E pornto, pensam os meus leitores, lá voltamos à tradução. É isso, mas neste caso numa outra vertente. O do mundo real em que os tradutores trabalham.

Já tenho muitos anos de tradução no mercado português e, francamente, se algum tribunal/ministério público português me pedisse para fazer uma tradução deste tipo, duvido que aceitasse. Mas antes de dizer porquê, façamos uma pequena digressão., pois não sei se toda a gente compreende todas as implicações que traduções deste género trazem consigo.

Um processo de burla ao IVA com três volumes é um verdadeiro projecto de tradução. Para além de não saber quantas páginas e/ou palavras representarão esses volumes, tudo apontam para ser uma quantidade considerável. Para além do seu tamanho, que não é pormenor dispiciendo, há ainda a questão da complexidade. Já perdi a conta às traduções jurídicas que fiz entre o francês e o português (pedidas por uma das partes ou por tribunal francês através de uma agência de tradução). Desde a requerimentos a recursos, passando por sentenças diversas (de 1.ª instância ou de relação) já fiz um pouco de tudo. E, apesar da frança influenciar quase tudo em Portugal, a nível do Direito há muitas diferenças e, frequentemente, não correspondência directa. Torna-se necessário explicar, compreender cada um dos sistemas para depois poder transmitir o que está lá dito. Ainda para mais tem que se usar de um rigor terminológico enorme, para não estarmos a dizer barbaridades.

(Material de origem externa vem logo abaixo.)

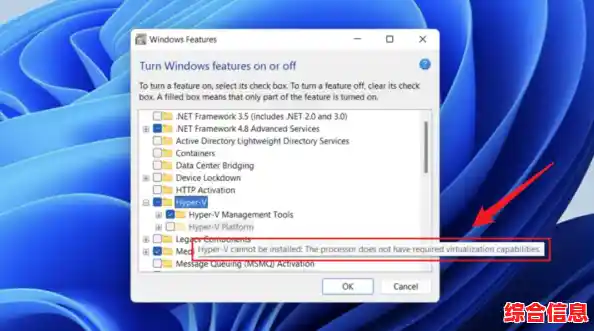 Win11电脑exe程序安装指南:从下载到运行的完整教程 Win11电脑exe程序安装指南:从下载到运行的完整教程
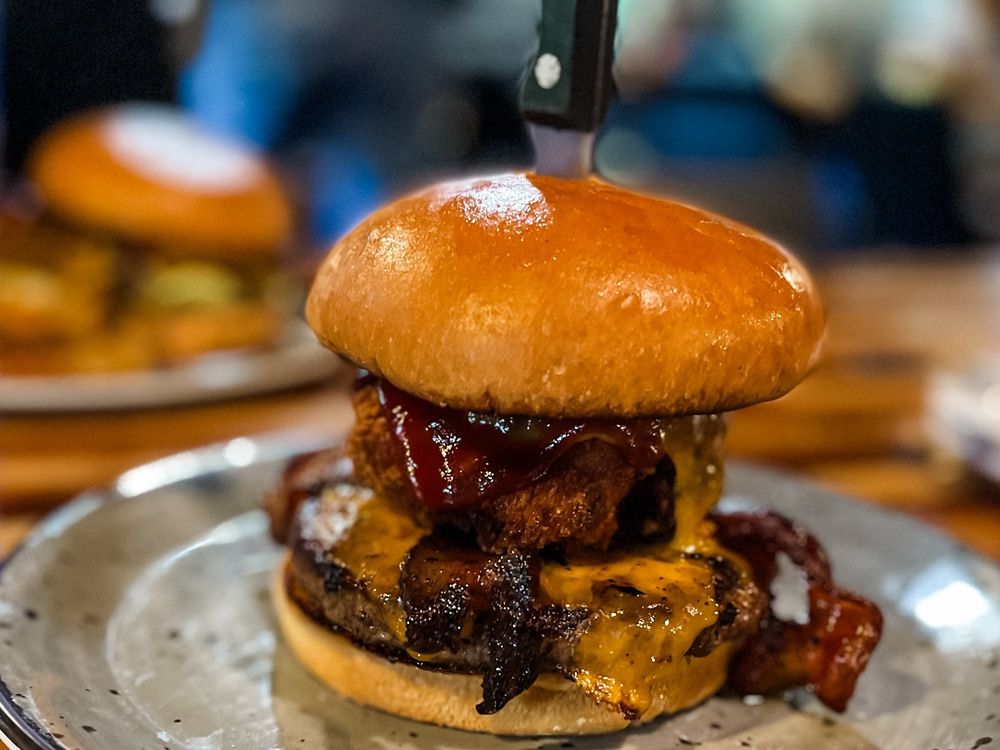 571 Grill and Draft House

Voltemos aos tais três volumes para norueguês. Primeira dificuldade: a língua de chegada. Quantos tradutores de português-norueguês competentes haverá (tanto em Portugal, como na Noruega, como em qualquer outro lado; as novas tecnologias eliminam o problema da distância)? Depois, se o processo é urgente, que prazo terá o tradutor? Se o prazo é curto, dar o trabalho a mais do que um tradutor? Mas, devido à complexidade, como controlar a homogeneidade do trabalho, consistência terminológica? Certamente haverá um coordenador. Ou seja, na verdade, não pode ser nada barata esta tradução. E não falei ainda do caso da tarifa a aplicar, pois, suponho que sendo uma língua não muito solicitada, há tendência para ter um custo mais caro.

Por tudo isto chego a ponto de partida: quem poderá aceitar este trabalho. É que perante este rol de premissas, é preciso garantia de que o pagamento será efectuado e em devido tempo. É que o tradutor, habitualmente, não tem outros meios de rendimento. Será que a Procuradoria aceita pagar adiantado, parcialmente. Ou, depois do trabalho efectuado, o pagamento ir-se-á arrastar durante meses? É que eu conheço casos de tribunais que não pagaram ainda pequenos trabalhos de tradução. Como será o caso da Procuradoria?

É que isto de tradução não é só uma questão de dinheiro, mas também o é.

Comentários

Dinamene disse…
Anos, caro Rui. Tribunais, câmaras, Estado. E há mais, mas... p.e., a Gulbenkian, não há muito tempo, achava , na pessoa de um seu representante, que era necessário apenas papel e lápis. Foi a resposta taxativa que me deram.